## Exercise requirements
The full listing, minus its pictures, should be printed again exactly as it stands.

## Exercise data
——————

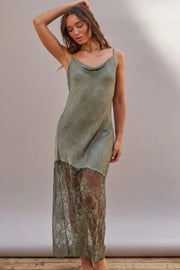 Charli Sandrine Slip Dress in Khaki
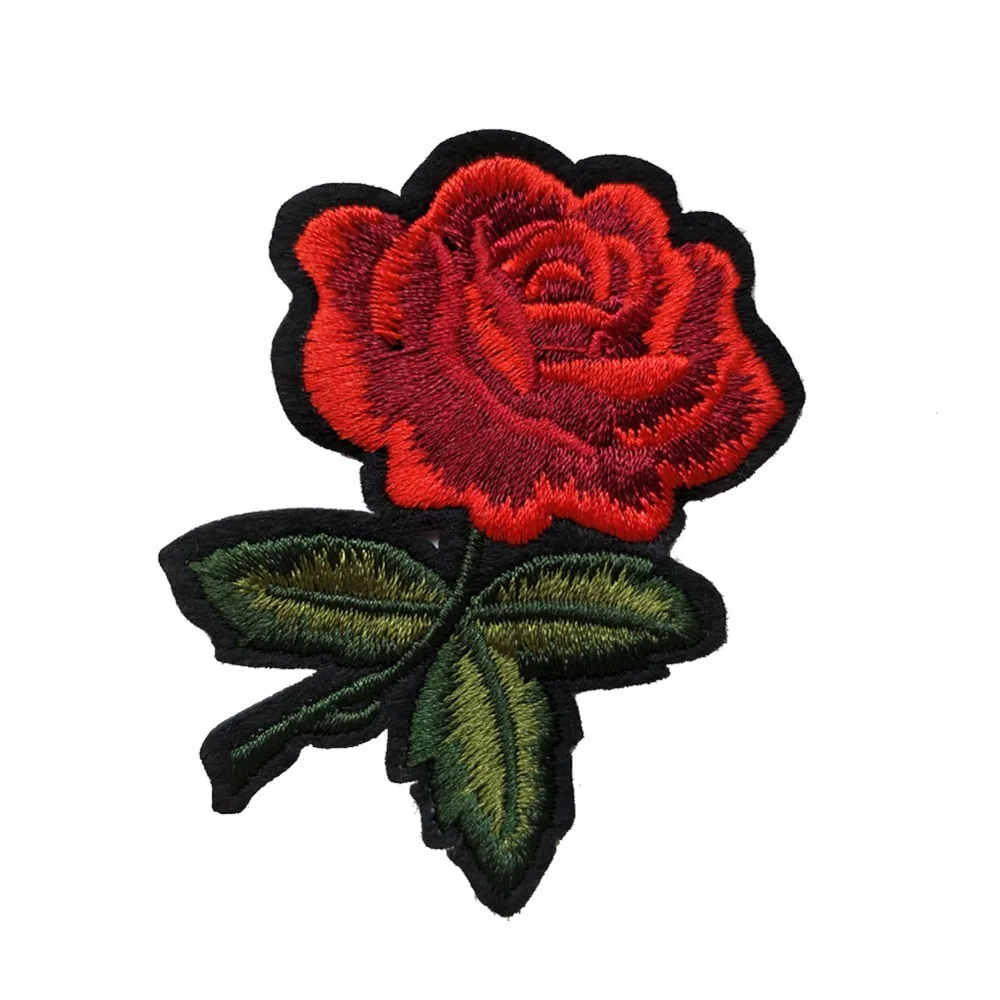 Новинка 2 шт. маленькая красная роза Цветочная вышивка ПРИШИТАЯ аппликация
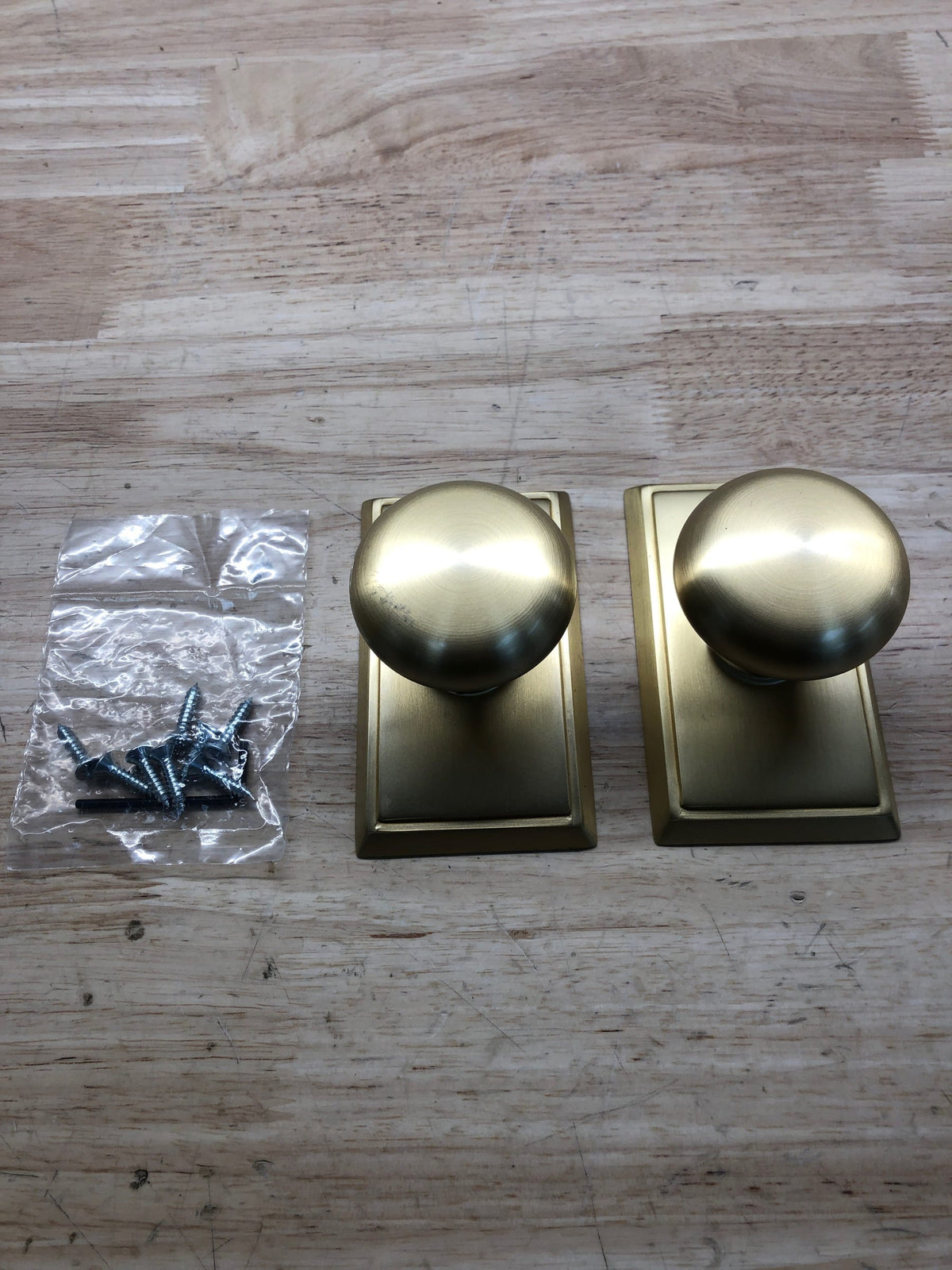 Emtek 8521PUS4 Providence Non-Turning Two-Sided Dummy Door Knob Set with Rectangular Rose from the Brass Classic Collection - Satin Brass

——————

## Task response
 Charli Sandrine Slip Dress in Khaki
 Новинка 2 шт. маленькая красная роза Цветочная вышивка ПРИШИТАЯ аппликация
 Emtek 8521PUS4 Providence Non-Turning Two-Sided Dummy Door Knob Set with Rectangular Rose from the Brass Classic Collection - Satin Brass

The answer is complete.